Novamente com apoio no direito de defesa, Netanyahu atacou o Hezbollah, em território libanês e na periferia, onde a organização mantinha o seu quartel-general. O IDF (força militar de Israel) começou a invadir o sul do Líbano para, segundo declarado, evitar ataques, afastar o Hezbollah para atrás da linha azul demarcada pelas Nações Unidas e ensejar a volta de 60 mil israelenses para as suas casas.
Mirar o ataque no Hezbollah, dado o quadro, era legítimo. Mas, na periferia atacada, além de parte do centro de Beirute e região leste libanesa, outros dois redutos do Hezbollah, estão civis, não participantes do grupo armado, ainda que xiitas de crença.
VÍTIMAS CIVIS – Voltou o problema de ataques às vítimas civis — e pouco interessa o credo religioso. Teremos, com relação a essa situação, amplos embates jurídicos e muitas teses em defesa de Israel, a entrar até a excludente do estado de necessidade, de sobrevivência.

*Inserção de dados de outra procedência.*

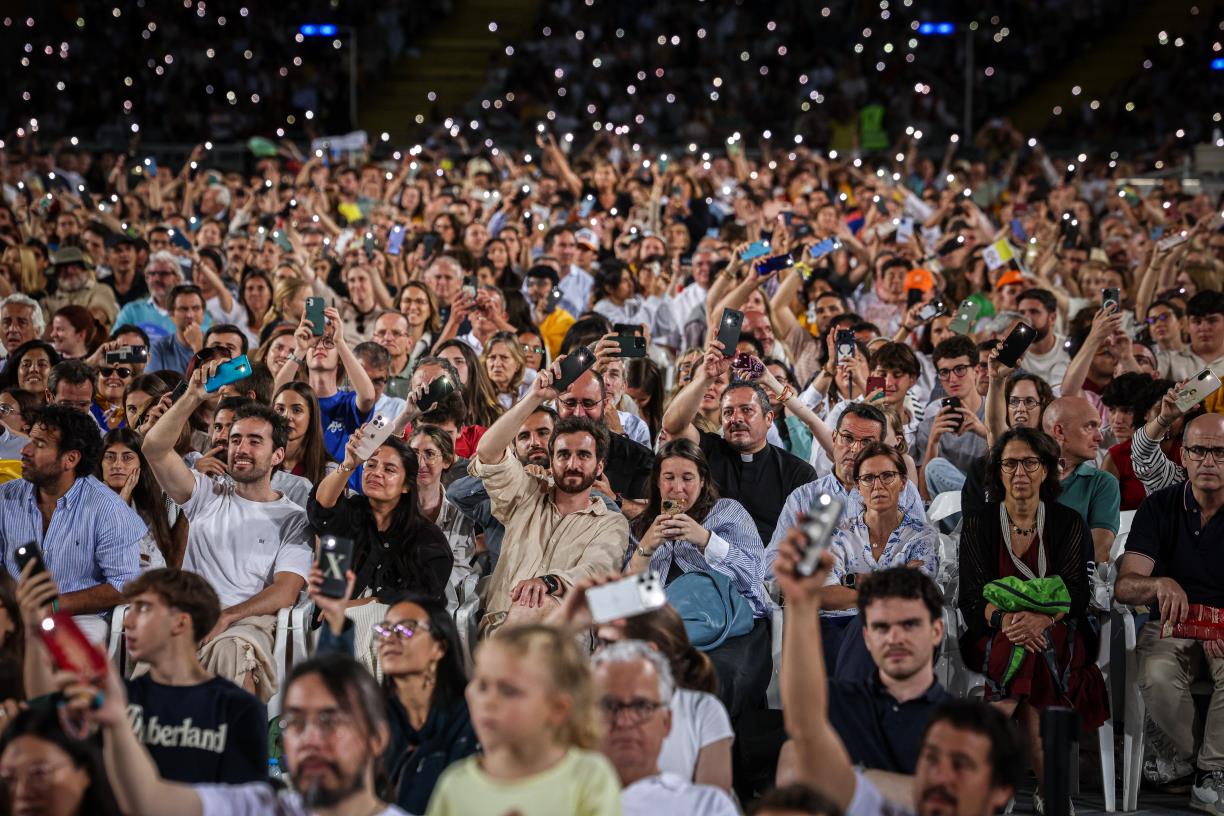 Fidels aixecant les llanternes del mòbil en la part final de la vetlla del papa Lleó XIV a l'Estadi Olímpic . ACN / Jordi Borràs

Importante colocar, e esse é o objetivo deste comentário, a mudança de posição de muitos israelenses. Ou seja, não aprovam a atuação do governo Netanyahu em Gaza, mas aprovam referentemente ao Hezbollah.
Diante disso, a popularidade de Bibi cresceu exponencialmente. A ponto de Bibi já estar pronto para mudar de lado, deixando os extremistas da ultradireita. Netanyahu sabe bem que, para se manter vivo politicamente e permanecer primeiro-ministro, precisa mudar de lado. Até porque os radicais querem a ilegítima e ilegal anexação da Cisjordânia e não aceitam um Estado palestino.
ESTADO PALESTINO – Ao mudar de lado, abandonando os radicais, Bibi terá de buscar a paz e se empenhar para a criação de um Estado Palestino. Assim, parece que vem aí um novo Bibi Netanyahu.
Ele faz qualquer negócio para manter o poder. Os ventos internacionais sopram, com força de exigências para o fim da guerra, com paz e criação de um Estado palestino independente, autônomo.
Aqueles que apostavam numa nova Guerra dos Cem Anos, como aquela ocorrida em época medieval, envolvendo os reinos da Inglaterra e da França, já começam a mudar o foco e acreditar num novo Netanyahu. Que ele é camaleão, todos sabem, até a quipá na sua cabeça.